Whatever the cause, today’s mother-in-waiting would do well to go for that ultrasound as soon as possible, because what was supposed to be an only child may well turn out to be a ready-made, 21st century family.
If so, it’s definitely time to plan ahead. Way ahead. Starting with soft, colorful, environmentally friendly crib sheets and blankets, and not forgetting the little things like sensitive skin baby wipes, Fairtrade Organic bibs, BPA-free baby bottles, and those ever-popular onesies – also made from Fairtrade Organic fabrics.
While shopping, don’t forget the bio-based cleaners : good for babies, equally as good for the earth, and now you have a vested interest in protecting both. If you don’t have a lot of time to shop, choose a home cleaning kit enough variety for whole-house cleaning and more than enough to last those critical first three months).
Heirloom cribs are wonderful, but remember that they do not meet the established U.S. standard, and can be hazardous to your baby’s health. Great grandma’s rocking chair is equally charming, but before you sit down and rock in it with one, or both, of your new family, check it out using someone at least 20 pounds heavier than you are, and with enough muscle mass to loosen weak joints or deteriorating woven/leather/cloth seats. Also, make sure that new crib mattresses are organic and do not emit the volatile organic compounds, or VOCs, that have recently been implicated in SIDS (sudden infant death syndrome).

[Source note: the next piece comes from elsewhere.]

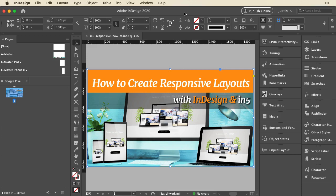Hi, this is Justin from Ajar Productions. Hopefully by now you've seen the responsive layouts in action. In this series of videos, I want to go into more depth to show you how to actually set up your InDesign file so you can export it with responsive layouts.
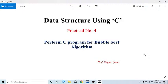Good evening everyone. This is Practical Number 4 on Data Structure using C. Today's session covers the bubble sort algorithm. In the previous session, we covered binary search algorithm using a C program. Now in this session, we will implement a C program on bubble sort algorithm.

Whatever you do, don’t panic. Just take some good advice from your doctor. These tips may include:
- Taking more folic acid – you really are eating for two (not counting yourself)
- Visiting your obstetrician more often, because twins need more monitoring than singles
- Taking extra precautions – the risk of miscarriage after an amniocentesis test is higher with twins (up to twice as high in some cases)
- Preventing morning sickness, which may be worse with twin pregnancies. Stock up on saltines and 7-up, or whatever cuts your nausea. Doctors recommend avoiding acidic foods and beverages like coffee, hot chocolate, tomatoes, sugar and sweeteners, salt, blueberries, cranberries, plums, corn oil, processed foods, corned beef, processed meats, and beans or peas.
- Recognizing the greater risk of developing gestational diabetes, and taking measures (diet, exercise, even monitoring) to prevent it. Gestational diabetes can lead to larger babies and a mandatory C-section.
Recognizing that spotting is more common during twin pregnancies, particularly in the third trimester. Again, don’t panic, but do see a doctor ASAP if you are also experiencing cramping or passing blood clots, even if you have to go to the ER. Labor often comes early in multiple pregnancies.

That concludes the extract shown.